= Janus Putkonen =

Finnish theater director and journalist

Janus Kostia Putkonen (born 16 January 1974 in Pernå) is a Finnish theater director, journalist, eurosceptic and propagandist. Putkonen was the editor-in-chief of the Verkkomedia website, which was active from 2011 to 2013. From 2015 to 2018, he was the director of the Russian-backed Donetsk Separatist Information Center Doni-News. Since 2019, he has been the editor-in-chief of MV-media. Putkonen focused Russian funded Doni-news and MV-media to support pro-Russian propaganda about the Donetsk People's Republic.

==Life==
In 1994 Putkonen participated on Kerttu Selin's Tähtimannekiini modeling contest and won. Next year he was the press favorite of the Mr. Finland competition, but did not place in the prize positions.

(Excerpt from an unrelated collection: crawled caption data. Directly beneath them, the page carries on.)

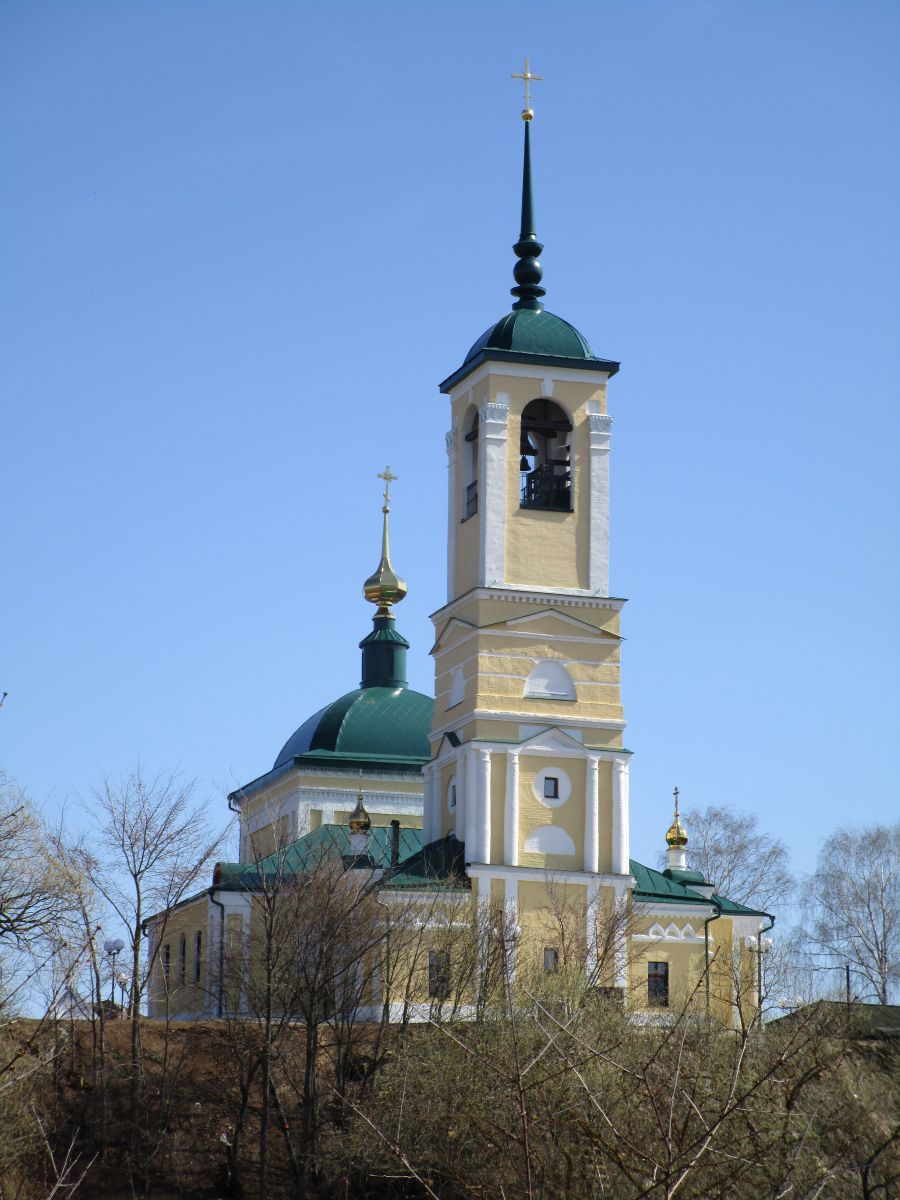 Церковь Илии Пророка, Улово (Суздальский район, Владимирская область). фасады, Вид на храм с кладбища, западный фасад.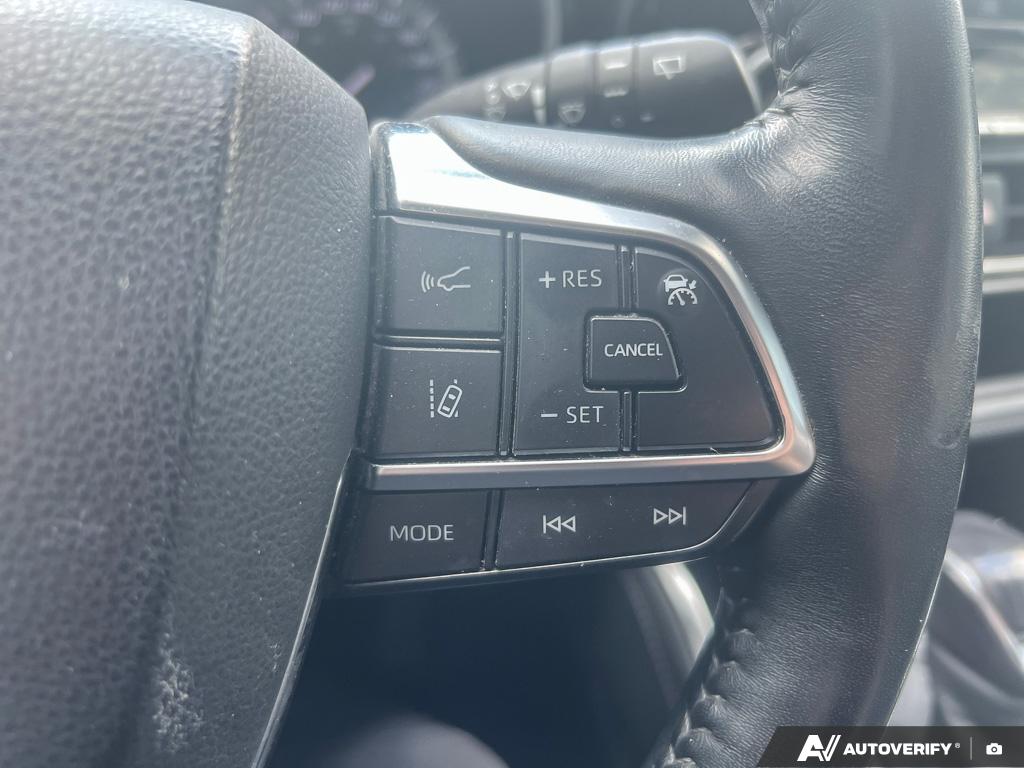 used 2020 Toyota Highlander car, priced at $39,900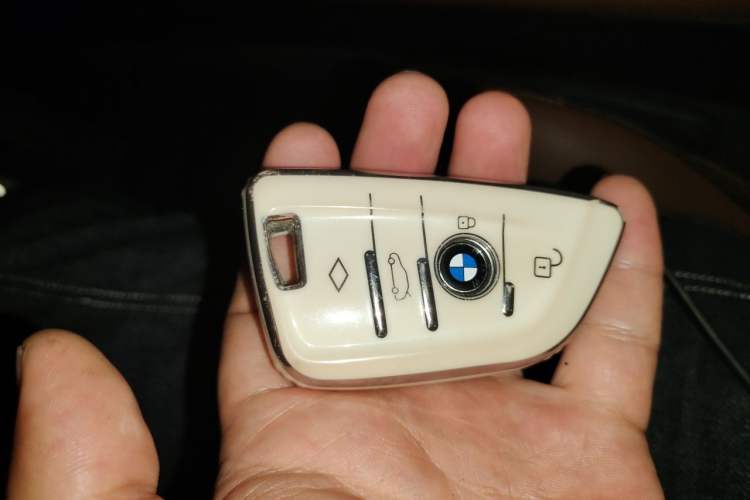 Used BMW X6 2018 xDrive28i Vehicle Key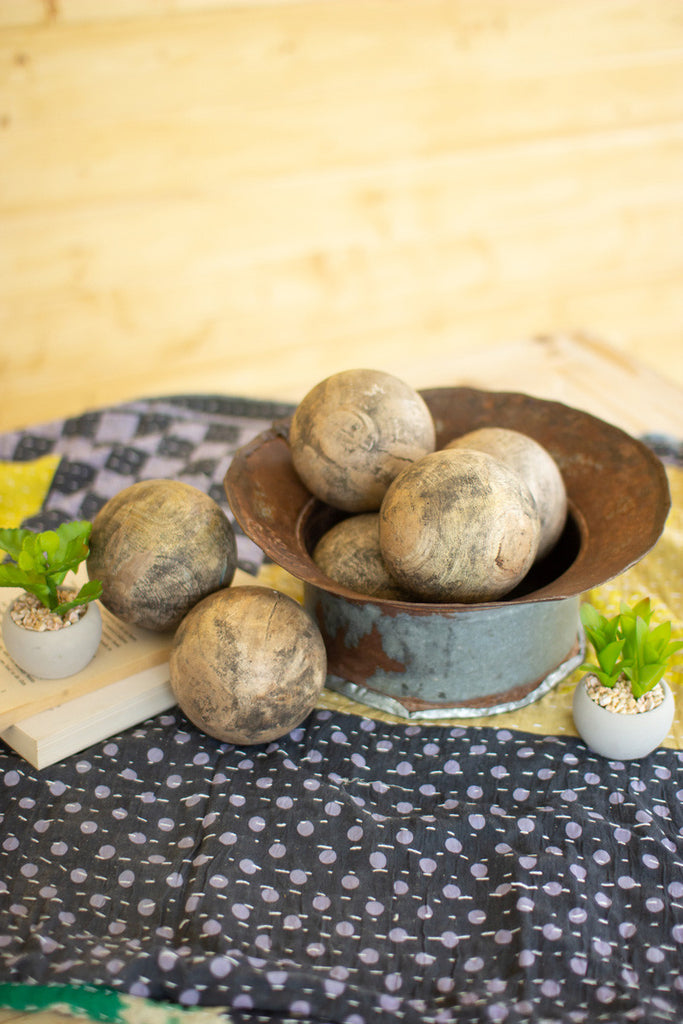 Hand carved mango wood spheres, set of 6 - The Nifty Decor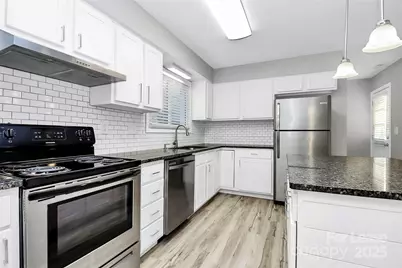 5823 Falstaff Drive, Charlotte, NC 28227 - Photo 5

In 2009 Putkonen moved to the city of Nakhon Sawan in Thailand with his family. In 2011 he started to work on his fake news outlet Verkkomedia, which was operated from his home office.

The Kilvenmaa collective project was founded by Janus Putkonen in 2013 in the city of Alajärvi. It was supposedly an anti-capitalist commune based on conspiracy theories of society. Its story ended when Putkonen escaped his debts to Thailand. Afterwards participants revealed that all they did was smoke marijuana and post disinformation on the Internet on topics decided by Putkonen.

Putkonen participated in the 2014 European Parliament election as a candidate of Independence Party. He got a total of 962 votes and was not elected.

In summer of 2015 Putkonen moved from Nakhon Sawan to Donetsk in Ukraine, while his wife and child stayed in Thailand. Soon Ukrainian non-governmental organization Myrotvorets added Putkonen to their ‘Peacemaker’ list, on suspicion of cooperating with Russia and propaganda against Ukraine.

In September 2016, Putkonen went public on offering Ilja Janitskin political asylum in the Donetsk People's Republic. Putkonen also appeared on leaked mail dump known as Egorova Leaks. Tatiana Egorova was an employee of "DPR Ministry of Information".

In 2017, Putkonen appeared on an episode of Viceland's Big Night Out Ukraine. In it, Putkonen explains that he hopes Novorossiya will show an example of insurgence to other countries. He has also been involved in recruiting Finns for the war in eastern Ukraine on the Russian side.

Putkonen is the editor-in-chief of the Finnish fake news outlet MV-media starting April 2019.

In October 2022, Putkonen organized a friendship tour from Finland to Russia's St. Petersburg, with help from Kosti Heiskanen (whose real name is Konstantin Mikhailovich Lebedev). This was branded as a trip organized by Fennomatkat, which is thought to be a subsidiary brand of Fennomaa. According to both Putkonen and Heiskanen they got help with travel documents from Rustravel Oy. These kinds of friendship tours are echoes from the era of Soviet Union. In Finland, there was even a company named Ystävyysmatkat ("Friendship Tours"), which was founded in 1977 and went bankrupt in 1991.

==Personal life==
Putkonen's parents are opera singer Marko Putkonen and theater director Tuovi Putkonen. He has two sisters, horse farm owner Esma Haddas and actress Krista Putkonen-Örn. He has one child with his wife.